At this, as Count Reynaurd had expected, every one looked incredulous,
and Count William pretended to be very indignant, and declared that
he had not been outside of his own apartments for the ten days; that
he had not set eyes on Count Reynaurd through all that time; and
altogether he appeared to be terribly angry that Count Reynaurd should
hint that the song belonged to him.
 
Count Reynaurd, however, asked but one thing of the king, who readily
granted his request. It was that Count William be commanded to sing the
song once more, and that each time he should sing the Latin lines as
plainly as possible.
 
Count William looked somewhat abashed at this proposal, and began to
suspect that a trap had been laid for him. However, he could not refuse
to do the command of King René, especially when it seemed so simple a
thing; and so he was obliged to sing again, and say the Latin words
plainly, all the while very angry with himself because on the spur of
the moment he could think of no other words to put in place of the
Latin refrain, which was so cleverly woven into each stanza that it
could not be left out without spoiling the rhyme.
 
The king listened attentively, for, as the Count Reynaurd knew, René
was a good Latin scholar himself; and presently, when the refrain came
into the song:
 
Hoc carmen non composui,
Quod cano, quod cano!
 
King René began to laugh; and he laughed and laughed till the tears
fairly ran down his cheeks; for what do you think the words really
mean? They mean:
 
I did not make this song,
That I sing, that I sing!
 
When the king at last managed to stop laughing for a few minutes, he
translated the lines so that every one could hear.
 
At first Count William looked very blank; then, realizing how cleverly
the tables had been turned upon him and he had been caught in his
own prank, he enjoyed the joke as much as anybody, and laughed the
loudest of all.
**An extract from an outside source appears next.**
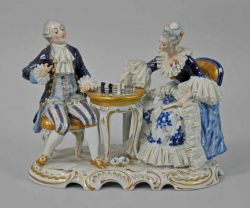 PORZELLANGRUPPE "Schachspiel", junges Päarchen in barockem Stil am Tisch beim Schachspiel sitzend,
Indeed, such a “Ha, ha!” as went up through the whole
banquet-hall was never before heard, and the very rafters seemed to
shake with glee.
 
The good king was so delighted with the entertainment that he called
Count Reynaurd and Count William both before him, and taking a hand
of each, he declared that the jeweled collar must be divided equally
between them. He at once ordered his goldsmiths to set to work to make
it into two collars instead of one; which they could very easily do, as
it was so wide and heavy.
 
Then the king had a lovely silver cup brought in for Pierrot, because
of his cleverness in the Latin tongue; and afterward the whole company
of troubadours and minnesingers and pages sat down and feasted so
merrily that, years later, when Pierrot himself grew to be a famous
troubadour, he used often to sing, in the castles of the French nobles,
of the gaiety of that great festival.
 
 
 
 
THE LOST RUNE
 
THE LEGEND OF A LOST POEM AND THE ADVENTURES
OF LITTLE ELSA IN RESTORING
IT TO HER PEOPLE
 
 
Eery, airy,
Elf and fairy,
Steep me deep in magic dreams!
Charm from harm of water witches,
Guide where hide the hoarded riches
Sunken in Suomi streams!
 
As the strains of Elsa’s voice floated up and wandered away among
the cottage rafters, “Bravo”! cried her father; “bravo, little one!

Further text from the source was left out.